En route, we passed a seemingly ancient man - and his goat - who were walking on the road in the opposite direction. The man plodded barefoot along the hot, rough road, two immense bags of rice suspended on a long pole across his back.

We passed without a word, but returning to Yangzhou several hours later, we found him again - still plodding along. I suggested to Chen that we offer him a lift. We pulled over. The old man and Chen had a brief exchange. Then, Chen got back behind the wheel, and we drove off, leaving the man in the road. Puzzled, I asked Chen to translate their chat. He explained that the man wasn't due to arrive in Yangzhou until the following day; if he were to show up in advance, he wouldn't know what to do with the extra time.

"You see, my friend," Chen said, "not all of us are in a hurry."

I asked him to turn back. I needed to ask the old man a few things. Chen parked, and I hopped out. The old man stopped, balancing on his walking stick, and grinned. We pondered each other - beings from distant corners of the planet - different planets - worlds and ways apart.

Chen translated my questions.

"What is the most important thing in your life?" I asked.

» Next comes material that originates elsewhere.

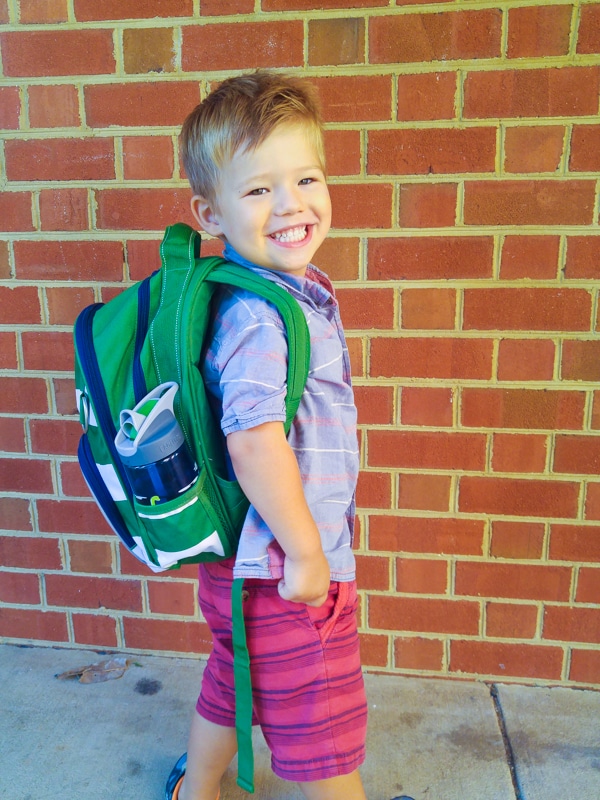 Back to school outfit for boy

The old man looked to his left, made a strange honking call for his goat, but did not reply. Was the goat the most important thing? When the animal arrived at his side, the man looked at Chen and spoke slowly.

Chen translated, "He said that if you can't help people, don't harm them."

I asked, "Why are people hurtful?"

I didn't look at Chen as he spoke, but rather stared into the old man's eyes. He was human art, more serene than a sleeping cat.

"If you decline to accept someone's abuse, then it still belongs to them."

"Why do we quarrel?" I asked.

"The rise of a man's mind from his scrotum to his skull can be a long haul," he said. We all burst into laughter.

The goat bleated. Chen said, "Ready?" The old man and I shook hands, and waved goodbye. Today, I often think about the man's deeply wrinkled face, and I know that the infuriating fixtures of modern life - traffic jams, rude people, the arrogance of ego - are only options. His words retain a permanent, benevolent echo.

I departed Yangzhou a week later. Chen walked with me to the bus stop. After a hearty embrace, I told him how much his friendship meant to me, and that the old man's words were unforgettable. I thanked him for that, too.

"Use those words to start a book," he said.

"Come on, Chen," I replied. "Do you know how old I'll be by the time I get published?"

"The same age you'll be if you don't," he winked.

Twelve years, twenty letters, and three books later, I received a birthday card from Chen. I was in for a shock. He confessed that he hadn't actually translated the old man's words. Everything I'd learned had actually been Chen's sage advice.